Brine Shrimp Not Hatching ?

The cysts (eggs) we import are tested out in our breeding set up & should give good hatches. As with any live product things can go wrong & sometimes you might have difficulty hatching them out. This page hopefully will help sort the problem out.

Brine shrimp are found all over the world in differing salinities & water parameters. Water is usually where the problem lies. It's a good idea to invest in a hydrometer to measure salinity. Normally most eggs hatch around SG 1·020. Siberian eggs don't mind it slightly less salty & can hatch well at SG 1·013. You may find eggs from Siberia for example which fail to hatch in the same water you used for a previous batch. We believe this is due to the time spent in dry storage with eggs stored for short times being more dependant on a hard alkaline hatching water.

The pH is very important. Again most eggs prefer a pH of around 8 to 8·4. If you come from an area where the tapwater is soft it's a good idea to add Sodium Bicarbonate & Epsom salts to the hatching water to buffer up pH & hardness. The amount to add will depend on the water used but a little is better than none at all in soft/acid water.
A good example of this was found in a batch of Siberian eggs which would not hatch in soft water. We would remind customers to check the pH & hardness of the hatching water if they fail to hatch.
Eggs should be hatched in clean tapwater & not taken from a tank or pond.

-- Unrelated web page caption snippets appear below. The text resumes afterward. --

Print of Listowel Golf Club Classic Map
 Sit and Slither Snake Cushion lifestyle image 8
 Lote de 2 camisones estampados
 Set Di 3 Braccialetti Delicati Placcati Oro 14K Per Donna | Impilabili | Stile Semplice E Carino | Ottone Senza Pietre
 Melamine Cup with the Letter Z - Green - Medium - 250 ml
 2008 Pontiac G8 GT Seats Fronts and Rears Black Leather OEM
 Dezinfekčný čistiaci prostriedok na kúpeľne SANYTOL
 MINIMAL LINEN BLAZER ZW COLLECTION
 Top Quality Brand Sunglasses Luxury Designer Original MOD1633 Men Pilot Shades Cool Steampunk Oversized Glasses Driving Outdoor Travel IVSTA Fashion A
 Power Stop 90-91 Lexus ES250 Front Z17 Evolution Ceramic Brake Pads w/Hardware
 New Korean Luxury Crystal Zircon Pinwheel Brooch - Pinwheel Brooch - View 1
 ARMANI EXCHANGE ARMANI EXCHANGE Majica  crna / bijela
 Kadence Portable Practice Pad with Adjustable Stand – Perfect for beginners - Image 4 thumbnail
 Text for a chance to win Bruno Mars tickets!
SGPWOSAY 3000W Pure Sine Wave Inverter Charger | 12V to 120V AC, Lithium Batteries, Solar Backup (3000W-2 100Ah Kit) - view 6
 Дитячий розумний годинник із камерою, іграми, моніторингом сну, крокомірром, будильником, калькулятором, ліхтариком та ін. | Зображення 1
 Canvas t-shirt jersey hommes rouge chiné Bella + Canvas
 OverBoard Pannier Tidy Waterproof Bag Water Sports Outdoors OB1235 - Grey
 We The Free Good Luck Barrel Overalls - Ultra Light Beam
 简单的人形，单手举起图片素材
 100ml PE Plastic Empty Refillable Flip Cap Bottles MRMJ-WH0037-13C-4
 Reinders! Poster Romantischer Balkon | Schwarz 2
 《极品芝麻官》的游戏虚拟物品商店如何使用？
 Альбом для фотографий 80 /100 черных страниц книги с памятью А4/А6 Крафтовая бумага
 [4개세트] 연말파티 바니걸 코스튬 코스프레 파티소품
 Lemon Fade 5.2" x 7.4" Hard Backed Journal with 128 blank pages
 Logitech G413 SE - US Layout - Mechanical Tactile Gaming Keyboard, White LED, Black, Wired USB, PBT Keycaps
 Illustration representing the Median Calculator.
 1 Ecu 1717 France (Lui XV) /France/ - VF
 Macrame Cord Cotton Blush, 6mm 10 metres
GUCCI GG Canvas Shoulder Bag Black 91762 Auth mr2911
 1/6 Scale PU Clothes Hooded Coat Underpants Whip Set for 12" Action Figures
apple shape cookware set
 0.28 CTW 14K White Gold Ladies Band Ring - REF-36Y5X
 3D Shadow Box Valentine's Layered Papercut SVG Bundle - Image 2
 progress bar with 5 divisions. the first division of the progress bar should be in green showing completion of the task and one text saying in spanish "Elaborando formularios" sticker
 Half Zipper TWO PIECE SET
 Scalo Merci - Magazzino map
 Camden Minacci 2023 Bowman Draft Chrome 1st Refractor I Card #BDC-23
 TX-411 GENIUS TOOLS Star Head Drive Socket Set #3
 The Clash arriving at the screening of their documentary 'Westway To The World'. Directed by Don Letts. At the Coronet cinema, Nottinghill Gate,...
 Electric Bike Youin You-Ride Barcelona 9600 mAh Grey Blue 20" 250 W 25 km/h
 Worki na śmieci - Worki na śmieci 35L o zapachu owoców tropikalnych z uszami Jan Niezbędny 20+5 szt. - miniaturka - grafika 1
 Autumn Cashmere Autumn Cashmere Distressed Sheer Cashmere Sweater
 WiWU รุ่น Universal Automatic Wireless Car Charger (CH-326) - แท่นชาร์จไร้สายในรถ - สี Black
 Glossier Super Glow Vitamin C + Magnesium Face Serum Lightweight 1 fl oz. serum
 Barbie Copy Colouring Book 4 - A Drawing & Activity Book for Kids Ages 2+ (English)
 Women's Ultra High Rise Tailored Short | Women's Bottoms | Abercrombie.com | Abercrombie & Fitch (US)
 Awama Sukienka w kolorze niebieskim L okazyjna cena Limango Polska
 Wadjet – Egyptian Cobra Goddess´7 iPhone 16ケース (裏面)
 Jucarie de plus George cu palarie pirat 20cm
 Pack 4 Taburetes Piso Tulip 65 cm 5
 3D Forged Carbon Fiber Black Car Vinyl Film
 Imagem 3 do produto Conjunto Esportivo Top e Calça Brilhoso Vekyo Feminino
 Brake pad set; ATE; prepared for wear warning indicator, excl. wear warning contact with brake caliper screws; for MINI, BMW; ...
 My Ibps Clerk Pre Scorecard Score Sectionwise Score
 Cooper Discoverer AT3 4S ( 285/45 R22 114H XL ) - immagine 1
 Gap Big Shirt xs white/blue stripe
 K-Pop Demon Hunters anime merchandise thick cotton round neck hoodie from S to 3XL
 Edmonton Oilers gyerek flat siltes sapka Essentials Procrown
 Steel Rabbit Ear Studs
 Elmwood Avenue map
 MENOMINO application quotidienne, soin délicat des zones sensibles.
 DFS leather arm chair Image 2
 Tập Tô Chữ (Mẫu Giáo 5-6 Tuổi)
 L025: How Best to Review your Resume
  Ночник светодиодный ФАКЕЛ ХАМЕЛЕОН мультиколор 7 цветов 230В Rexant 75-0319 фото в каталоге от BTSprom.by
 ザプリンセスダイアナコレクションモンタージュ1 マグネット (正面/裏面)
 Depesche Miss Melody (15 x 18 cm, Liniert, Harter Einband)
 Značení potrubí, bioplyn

Temperature is important. Some eggs hatch quickly (18 hours) whilst others can take up to 36 hours. Generally if you hatch at 80°F + the eggs will hatch fast & die fast as warmer water carries less oxygen. We hatch at about 60 - 65°F (on a concrete floor). It takes a little longer but the eggs hatch better & stay alive longer. If you get an orange mush 24 hours after you hatch you missed the hatch & the naplii have decomposed. Lower the hatching temperature or harvest as soon as they hatch (18 hours?).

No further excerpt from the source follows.